Another perspective: the transplant lottery
There is another variant to the railway dilemma that further illuminates this moral challenge. Suppose you work in a hospital and are attending to three dying patients in desperate need of an organ transplant. One patient needs a heart transplant, another a lung transplant, and the final one needs a liver transplant. Unfortunately, there are no compatible hearts, lungs or livers available. It seems that all hope is lost. That is until you come up with an idea. You can save these three patients by sacrificing one random individual and transplanting their fully functioning and compatible heart, liver and lungs. You don’t want to be responsible for deciding who has this unlucky fate, so you create a ‘transplant lottery’ of everyone with compatible organs and choose a name at random. The unfortunate person selected will be sacrificed, but the three patients will be saved.
This reframed problem often presents a more significant ethical challenge, even for those who would not have hesitated in pulling the lever in the railway dilemma. Sacrificing a fully healthy adult for organ transplants violates the individual’s right to consent. Yet, this is in some respects, reflects the decision that the politicians and health officials must contend with: sacrificing a small group of innocent and healthy people to save a far greater number of potential COVID-19 patients.
A closer inspection of the hypothetical transplant lottery reveals one key difference with the AstraZeneca problem. In the case of AstraZeneca, people consent to the vaccination because they gain protection against COVID-19. In comparison, it is difficult to imagine people agreeing to the ‘transplant lottery’. However, in the same way that people gain protection from COVID-19 from the AstraZeneca vaccine, the hospital could similarly compensate those who enter the transplant lottery such that they consent with complete knowledge of the risks involved. Even when people willingly enter this transplant lottery because they perceive the benefits outweigh the risks, this problem is still ethically challenging.

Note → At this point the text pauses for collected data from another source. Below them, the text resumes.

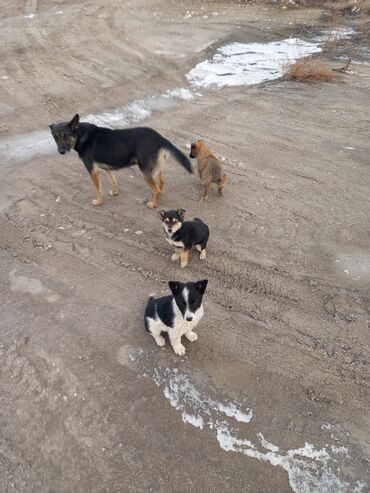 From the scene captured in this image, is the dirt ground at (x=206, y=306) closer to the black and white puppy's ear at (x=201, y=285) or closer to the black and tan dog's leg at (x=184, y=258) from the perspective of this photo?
the black and tan dog's leg at (x=184, y=258)

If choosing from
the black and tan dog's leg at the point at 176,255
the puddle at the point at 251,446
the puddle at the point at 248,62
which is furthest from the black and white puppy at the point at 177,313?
the puddle at the point at 248,62

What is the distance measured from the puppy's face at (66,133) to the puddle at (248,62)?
6771 millimetres

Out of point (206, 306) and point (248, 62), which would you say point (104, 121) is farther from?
point (206, 306)

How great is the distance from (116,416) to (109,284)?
2.04 m

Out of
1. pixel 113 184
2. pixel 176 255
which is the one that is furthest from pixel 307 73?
pixel 176 255

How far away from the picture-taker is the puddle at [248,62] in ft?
40.0

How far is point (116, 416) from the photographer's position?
4.20 meters

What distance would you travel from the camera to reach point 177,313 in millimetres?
4309

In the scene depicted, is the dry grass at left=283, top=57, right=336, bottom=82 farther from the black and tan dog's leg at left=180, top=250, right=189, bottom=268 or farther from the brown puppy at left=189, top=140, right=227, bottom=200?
the black and tan dog's leg at left=180, top=250, right=189, bottom=268

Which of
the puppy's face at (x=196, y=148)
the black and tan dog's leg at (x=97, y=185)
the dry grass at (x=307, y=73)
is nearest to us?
the black and tan dog's leg at (x=97, y=185)

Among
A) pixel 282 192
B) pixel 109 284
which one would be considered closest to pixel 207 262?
pixel 109 284

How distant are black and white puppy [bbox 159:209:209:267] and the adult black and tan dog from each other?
142cm

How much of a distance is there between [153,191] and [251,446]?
450cm

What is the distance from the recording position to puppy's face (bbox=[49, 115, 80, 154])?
6223mm
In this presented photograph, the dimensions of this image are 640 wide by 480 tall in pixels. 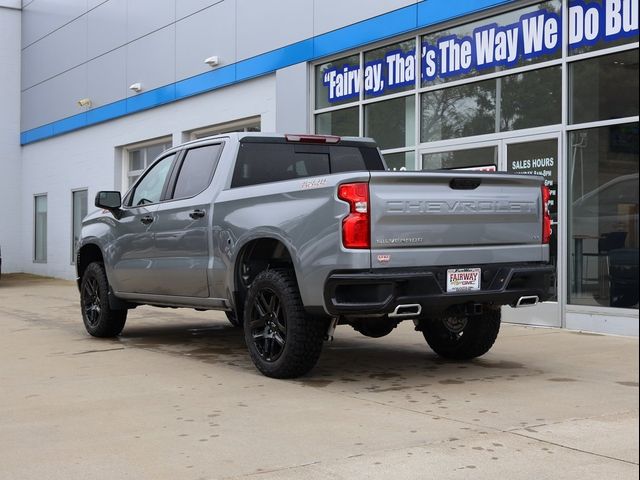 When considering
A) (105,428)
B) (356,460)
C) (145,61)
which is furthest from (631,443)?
(145,61)

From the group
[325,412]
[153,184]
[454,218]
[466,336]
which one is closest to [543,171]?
[466,336]

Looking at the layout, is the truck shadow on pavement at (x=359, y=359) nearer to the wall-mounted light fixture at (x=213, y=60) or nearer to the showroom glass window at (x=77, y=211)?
the wall-mounted light fixture at (x=213, y=60)

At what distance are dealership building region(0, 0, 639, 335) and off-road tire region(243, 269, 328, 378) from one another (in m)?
2.42

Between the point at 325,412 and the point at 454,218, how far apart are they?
5.88 ft

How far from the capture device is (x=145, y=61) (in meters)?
19.3

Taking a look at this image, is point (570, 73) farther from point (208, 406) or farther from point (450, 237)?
point (208, 406)

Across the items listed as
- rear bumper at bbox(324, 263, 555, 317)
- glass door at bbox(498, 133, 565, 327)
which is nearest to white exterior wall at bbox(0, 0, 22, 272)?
glass door at bbox(498, 133, 565, 327)

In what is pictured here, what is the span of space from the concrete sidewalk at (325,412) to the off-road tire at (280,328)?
0.17 metres

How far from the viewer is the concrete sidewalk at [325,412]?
4211mm

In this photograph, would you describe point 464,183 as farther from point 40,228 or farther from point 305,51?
point 40,228

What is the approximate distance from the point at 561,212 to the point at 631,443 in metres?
5.88

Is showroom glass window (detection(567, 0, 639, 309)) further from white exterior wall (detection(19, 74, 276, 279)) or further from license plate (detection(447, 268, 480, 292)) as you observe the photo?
white exterior wall (detection(19, 74, 276, 279))

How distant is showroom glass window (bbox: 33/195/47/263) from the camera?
2491 cm

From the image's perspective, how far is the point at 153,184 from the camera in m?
8.59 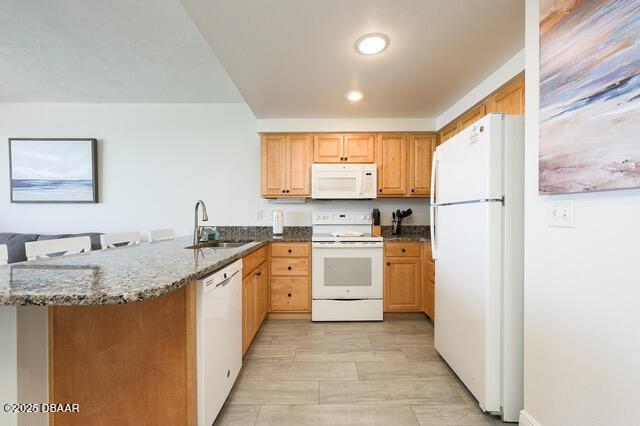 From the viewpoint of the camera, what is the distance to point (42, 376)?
3.03 feet

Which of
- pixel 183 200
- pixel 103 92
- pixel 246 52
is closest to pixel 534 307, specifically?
pixel 246 52

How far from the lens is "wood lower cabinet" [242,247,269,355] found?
6.83 feet

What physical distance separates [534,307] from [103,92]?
439cm

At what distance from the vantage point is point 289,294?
2988 millimetres

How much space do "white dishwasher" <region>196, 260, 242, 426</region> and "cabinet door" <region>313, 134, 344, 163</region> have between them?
1.82 m

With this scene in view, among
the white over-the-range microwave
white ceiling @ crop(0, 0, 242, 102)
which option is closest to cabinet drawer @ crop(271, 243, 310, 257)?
the white over-the-range microwave

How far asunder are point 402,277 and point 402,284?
8 cm

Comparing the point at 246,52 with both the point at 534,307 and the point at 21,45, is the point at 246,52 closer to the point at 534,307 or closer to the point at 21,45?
the point at 21,45

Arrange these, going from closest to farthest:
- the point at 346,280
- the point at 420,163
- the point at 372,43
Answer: the point at 372,43 → the point at 346,280 → the point at 420,163

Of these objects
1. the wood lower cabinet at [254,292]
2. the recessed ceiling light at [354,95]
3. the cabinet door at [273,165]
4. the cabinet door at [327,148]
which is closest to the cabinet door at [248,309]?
the wood lower cabinet at [254,292]

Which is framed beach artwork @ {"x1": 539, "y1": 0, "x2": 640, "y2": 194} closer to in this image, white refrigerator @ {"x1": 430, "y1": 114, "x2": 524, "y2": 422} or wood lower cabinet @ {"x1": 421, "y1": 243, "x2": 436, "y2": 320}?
white refrigerator @ {"x1": 430, "y1": 114, "x2": 524, "y2": 422}

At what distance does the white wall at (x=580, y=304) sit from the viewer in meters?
0.95

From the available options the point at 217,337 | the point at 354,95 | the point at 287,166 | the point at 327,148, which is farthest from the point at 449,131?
→ the point at 217,337

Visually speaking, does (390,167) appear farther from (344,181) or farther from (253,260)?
(253,260) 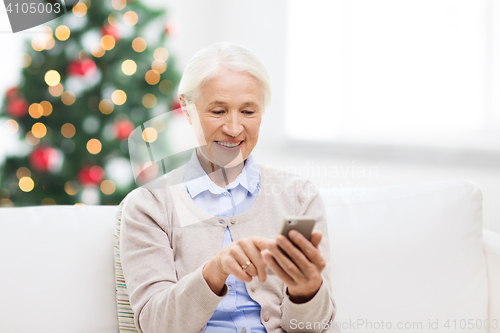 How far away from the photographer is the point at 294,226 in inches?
26.4

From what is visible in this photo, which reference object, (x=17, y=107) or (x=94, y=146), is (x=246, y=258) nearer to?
(x=94, y=146)

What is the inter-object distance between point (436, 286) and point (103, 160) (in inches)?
58.5

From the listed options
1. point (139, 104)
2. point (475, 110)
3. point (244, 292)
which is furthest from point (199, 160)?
point (475, 110)

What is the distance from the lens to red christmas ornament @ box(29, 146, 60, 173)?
1.93 meters

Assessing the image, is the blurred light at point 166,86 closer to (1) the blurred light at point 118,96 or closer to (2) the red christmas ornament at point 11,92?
(1) the blurred light at point 118,96

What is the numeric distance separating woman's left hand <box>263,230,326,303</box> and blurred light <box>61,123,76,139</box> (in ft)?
4.96

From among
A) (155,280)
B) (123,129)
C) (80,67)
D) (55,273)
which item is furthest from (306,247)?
(80,67)

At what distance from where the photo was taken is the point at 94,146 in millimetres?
1980

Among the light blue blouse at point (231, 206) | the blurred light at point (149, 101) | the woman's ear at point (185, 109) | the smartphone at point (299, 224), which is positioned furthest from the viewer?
the blurred light at point (149, 101)

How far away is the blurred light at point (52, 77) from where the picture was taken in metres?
1.92

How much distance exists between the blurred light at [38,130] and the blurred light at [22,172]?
164 millimetres

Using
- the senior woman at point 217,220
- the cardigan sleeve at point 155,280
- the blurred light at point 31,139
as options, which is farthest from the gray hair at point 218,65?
the blurred light at point 31,139

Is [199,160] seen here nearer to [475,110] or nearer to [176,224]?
[176,224]

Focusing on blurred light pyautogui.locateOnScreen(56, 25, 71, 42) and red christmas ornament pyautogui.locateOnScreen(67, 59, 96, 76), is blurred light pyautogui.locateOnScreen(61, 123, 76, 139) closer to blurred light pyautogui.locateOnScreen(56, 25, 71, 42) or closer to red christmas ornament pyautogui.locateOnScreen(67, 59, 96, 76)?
red christmas ornament pyautogui.locateOnScreen(67, 59, 96, 76) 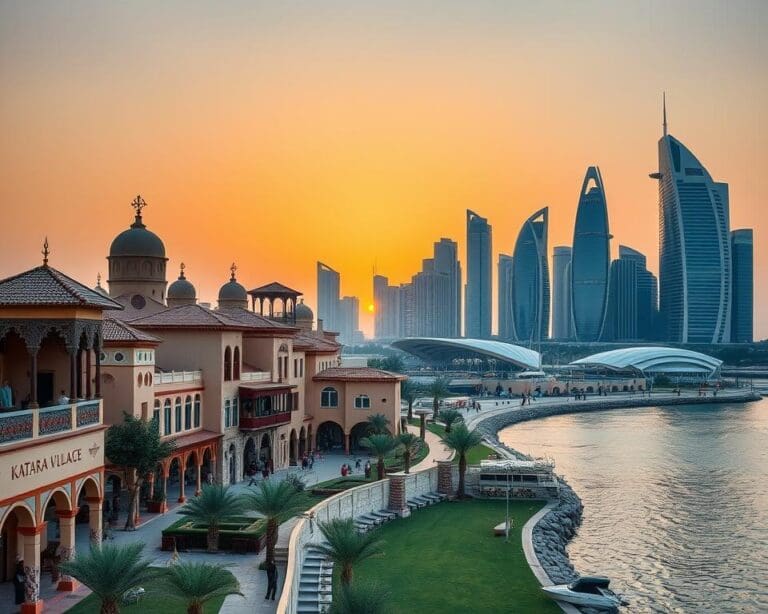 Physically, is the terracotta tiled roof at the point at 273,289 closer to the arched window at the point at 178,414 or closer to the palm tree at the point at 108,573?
the arched window at the point at 178,414

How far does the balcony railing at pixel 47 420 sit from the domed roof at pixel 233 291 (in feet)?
154

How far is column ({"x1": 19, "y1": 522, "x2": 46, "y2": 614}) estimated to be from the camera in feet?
74.6

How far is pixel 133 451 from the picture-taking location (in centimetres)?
3428

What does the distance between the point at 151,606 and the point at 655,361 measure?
14941 centimetres

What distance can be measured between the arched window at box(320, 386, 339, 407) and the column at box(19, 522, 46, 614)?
38.7m

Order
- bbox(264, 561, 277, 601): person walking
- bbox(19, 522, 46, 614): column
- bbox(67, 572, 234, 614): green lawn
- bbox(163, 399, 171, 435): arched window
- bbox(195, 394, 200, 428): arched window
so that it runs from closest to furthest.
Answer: bbox(19, 522, 46, 614): column → bbox(67, 572, 234, 614): green lawn → bbox(264, 561, 277, 601): person walking → bbox(163, 399, 171, 435): arched window → bbox(195, 394, 200, 428): arched window

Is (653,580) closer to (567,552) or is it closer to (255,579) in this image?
(567,552)

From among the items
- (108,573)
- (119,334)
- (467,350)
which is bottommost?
(108,573)

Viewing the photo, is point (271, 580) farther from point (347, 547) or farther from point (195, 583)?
point (195, 583)

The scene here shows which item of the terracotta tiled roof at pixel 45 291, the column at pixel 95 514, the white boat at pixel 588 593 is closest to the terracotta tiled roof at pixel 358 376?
the white boat at pixel 588 593

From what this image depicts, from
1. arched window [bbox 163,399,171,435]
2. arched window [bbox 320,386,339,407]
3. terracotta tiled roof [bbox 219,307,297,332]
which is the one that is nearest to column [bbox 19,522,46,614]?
arched window [bbox 163,399,171,435]

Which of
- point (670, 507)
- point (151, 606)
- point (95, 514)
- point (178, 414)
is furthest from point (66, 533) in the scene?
point (670, 507)

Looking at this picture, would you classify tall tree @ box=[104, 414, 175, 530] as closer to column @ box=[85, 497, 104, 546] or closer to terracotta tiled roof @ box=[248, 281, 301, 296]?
column @ box=[85, 497, 104, 546]

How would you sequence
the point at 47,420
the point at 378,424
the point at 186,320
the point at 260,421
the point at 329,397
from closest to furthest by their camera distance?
the point at 47,420 < the point at 186,320 < the point at 260,421 < the point at 378,424 < the point at 329,397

While promoting the AstraZeneca vaccine for people under 60 years old may be less controversial than harvesting a healthy adult’s organs, politicians and public health advisors still have an ethical challenge on their hands. The inescapable reality is that Australia’s road to herd immunity will be determined by whether they can stomach the loss of a small number of innocent people to save countless more COVID-19 victims.
It is worth remembering that there are no risk-free choices for politicians, health advisors or indeed individuals. We each need to decide whether a vaccine with rare, albeit significant, side effects is better for us than taking our chances with COVID-19 while we wait for alternatives to be available (Which, by the way, aren’t entirely risk-free either). Finally, this is the main difference with the theoretical dilemmas raised in this article; every person involved (the entire Australian population) can make their own choices. This freedom of choice is what politicians are now relying on, encouraging people under 60 to make their own informed decision about the Astrazeneca vaccine, so they don’t have to make the hard decision to pull the lever.